| Dataset records |
****************************************
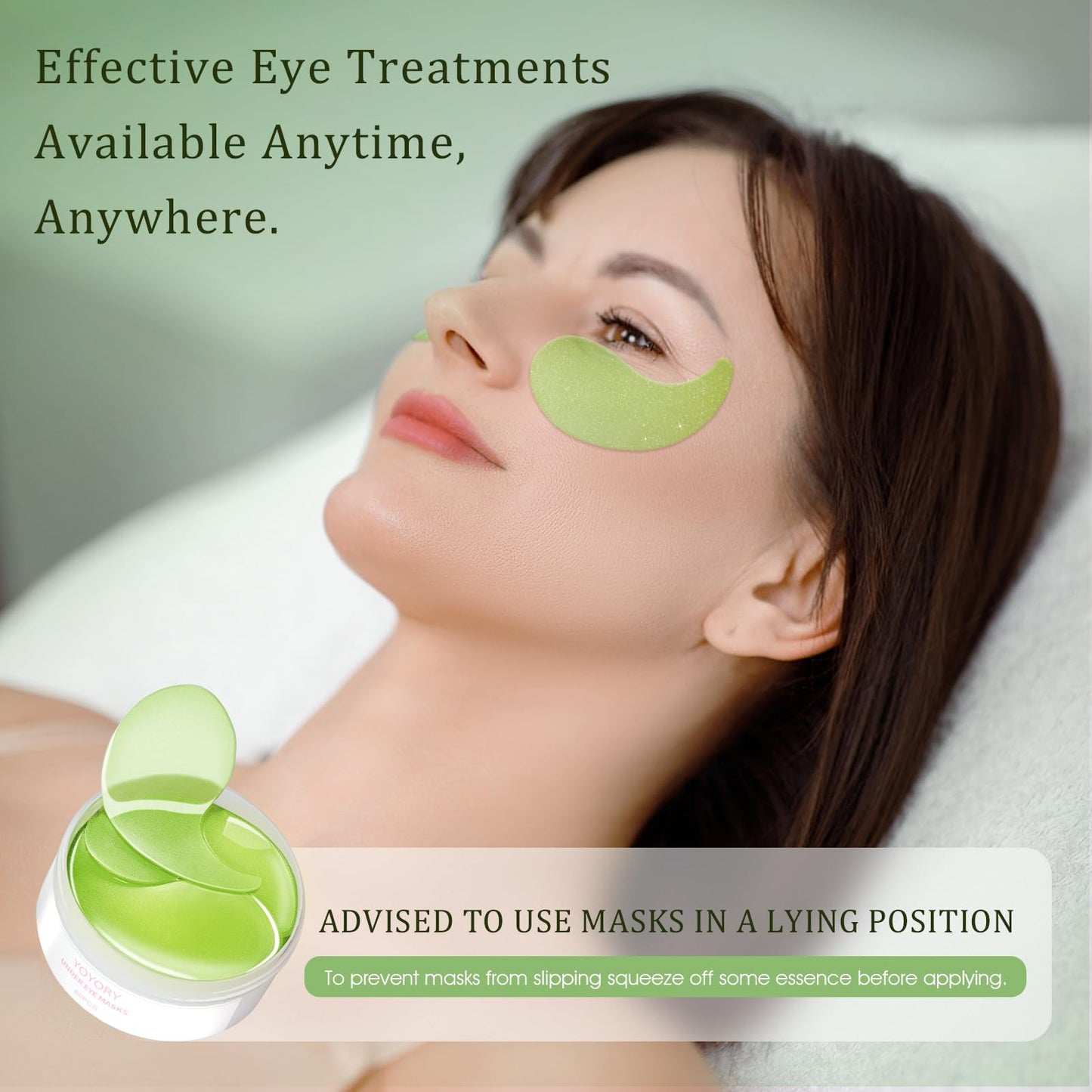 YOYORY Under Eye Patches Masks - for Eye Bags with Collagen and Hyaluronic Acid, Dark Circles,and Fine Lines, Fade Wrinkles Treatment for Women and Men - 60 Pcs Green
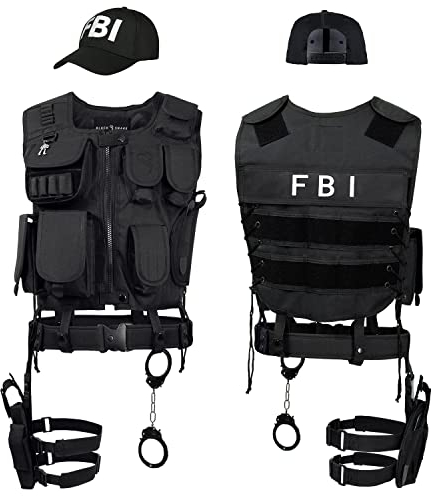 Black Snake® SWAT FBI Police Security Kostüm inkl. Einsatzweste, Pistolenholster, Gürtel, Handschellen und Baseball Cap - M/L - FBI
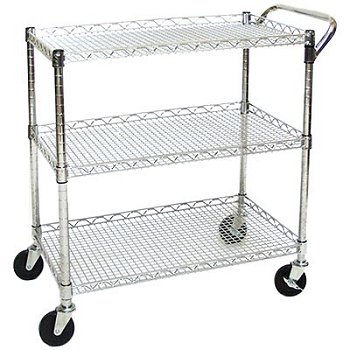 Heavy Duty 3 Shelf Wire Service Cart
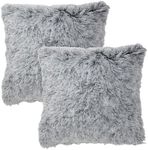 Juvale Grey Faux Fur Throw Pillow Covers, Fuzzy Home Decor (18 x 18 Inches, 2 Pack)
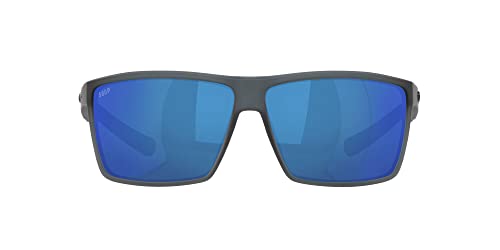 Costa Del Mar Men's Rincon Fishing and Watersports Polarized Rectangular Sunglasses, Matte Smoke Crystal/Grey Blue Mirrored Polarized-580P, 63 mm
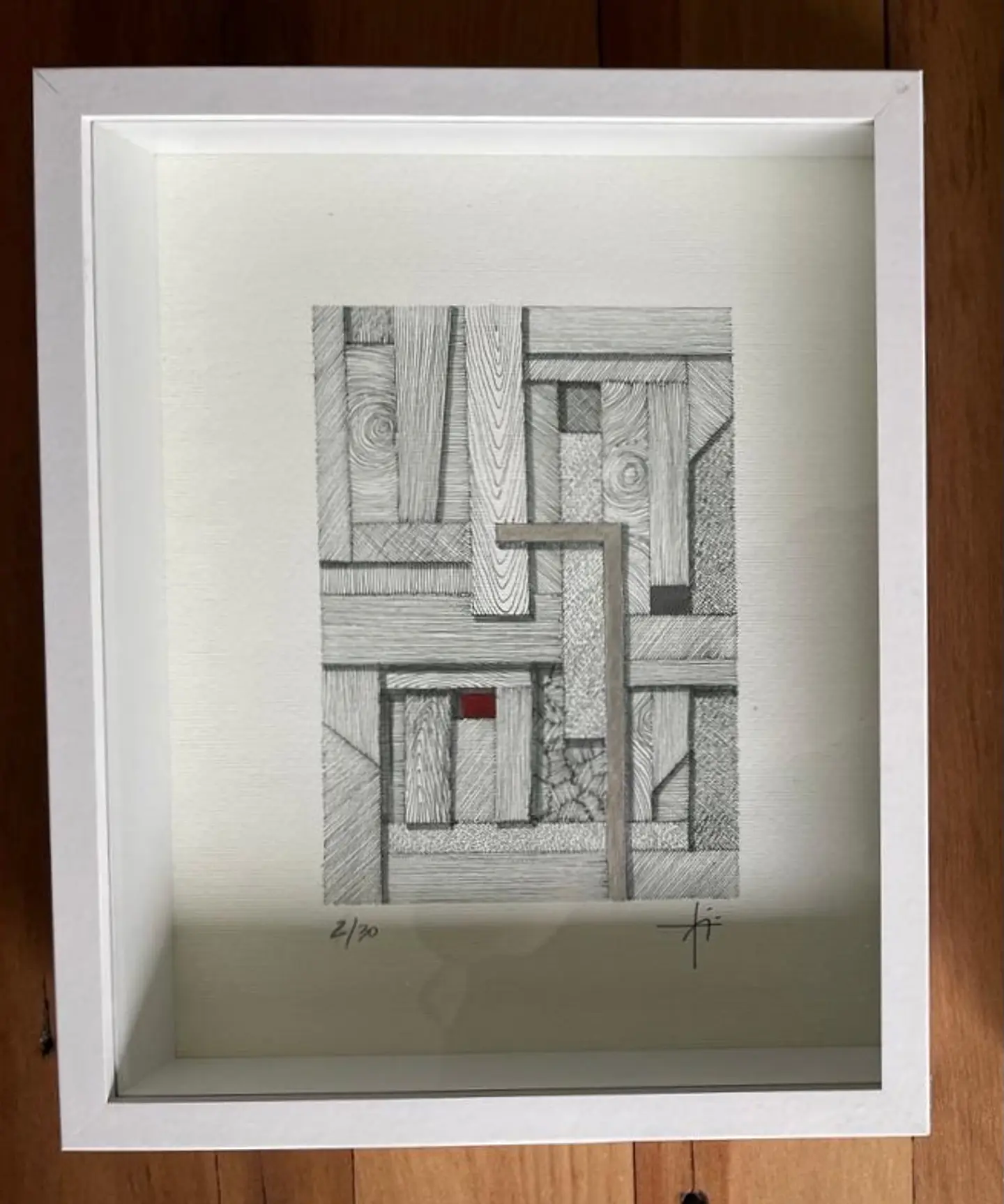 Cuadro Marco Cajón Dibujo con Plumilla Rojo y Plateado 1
****************************************
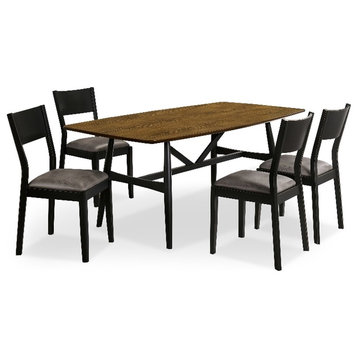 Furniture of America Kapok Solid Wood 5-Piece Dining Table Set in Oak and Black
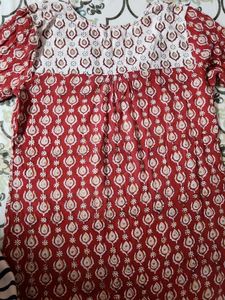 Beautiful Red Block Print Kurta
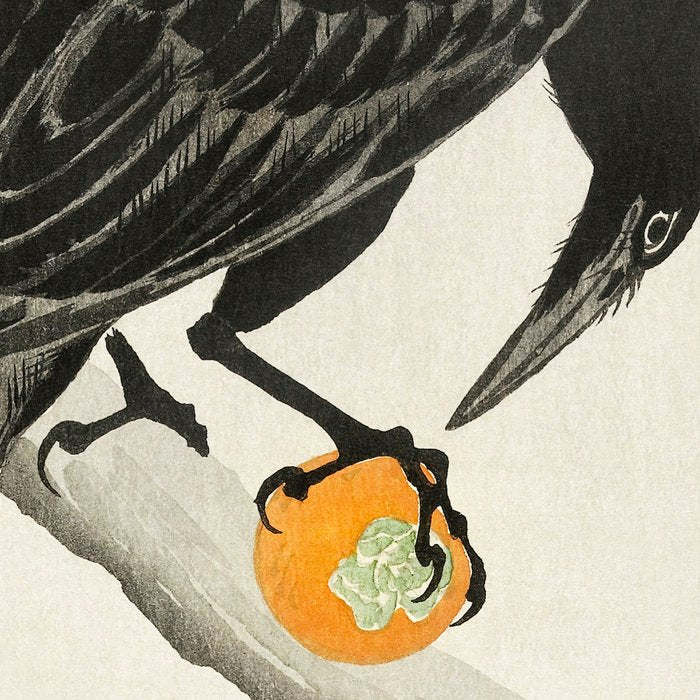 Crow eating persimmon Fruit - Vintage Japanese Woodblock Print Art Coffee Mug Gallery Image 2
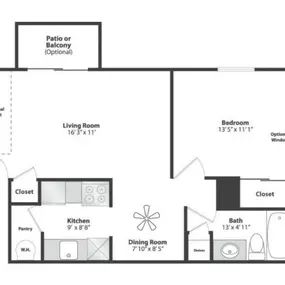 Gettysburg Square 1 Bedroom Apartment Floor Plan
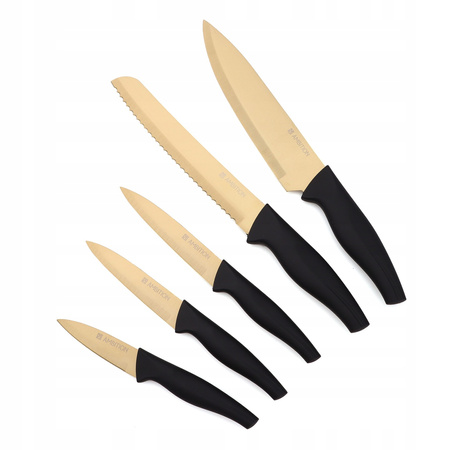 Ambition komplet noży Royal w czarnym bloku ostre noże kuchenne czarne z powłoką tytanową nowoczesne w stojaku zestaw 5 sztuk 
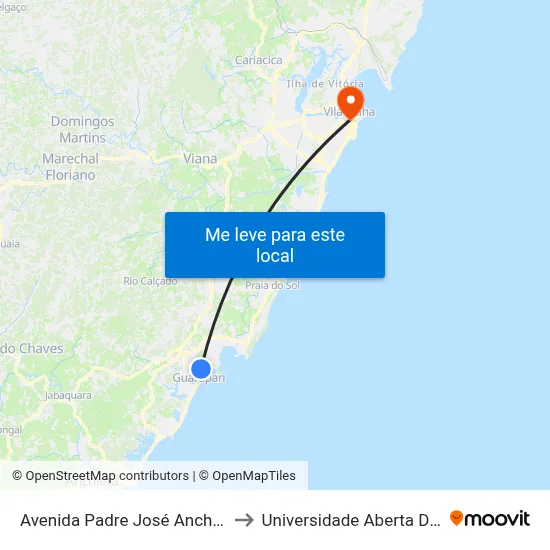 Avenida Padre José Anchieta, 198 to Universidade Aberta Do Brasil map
****************************************
| Task to carry out |
In the listing above, find the line with "Costa Del Mar" and output it and every line after it up to and including the line with "Cuadro Marco Cajón", exactly, minus the pictures.

| Result for this exercise |
 Costa Del Mar Men's Rincon Fishing and Watersports Polarized Rectangular Sunglasses, Matte Smoke Crystal/Grey Blue Mirrored Polarized-580P, 63 mm
 Cuadro Marco Cajón Dibujo con Plumilla Rojo y Plateado 1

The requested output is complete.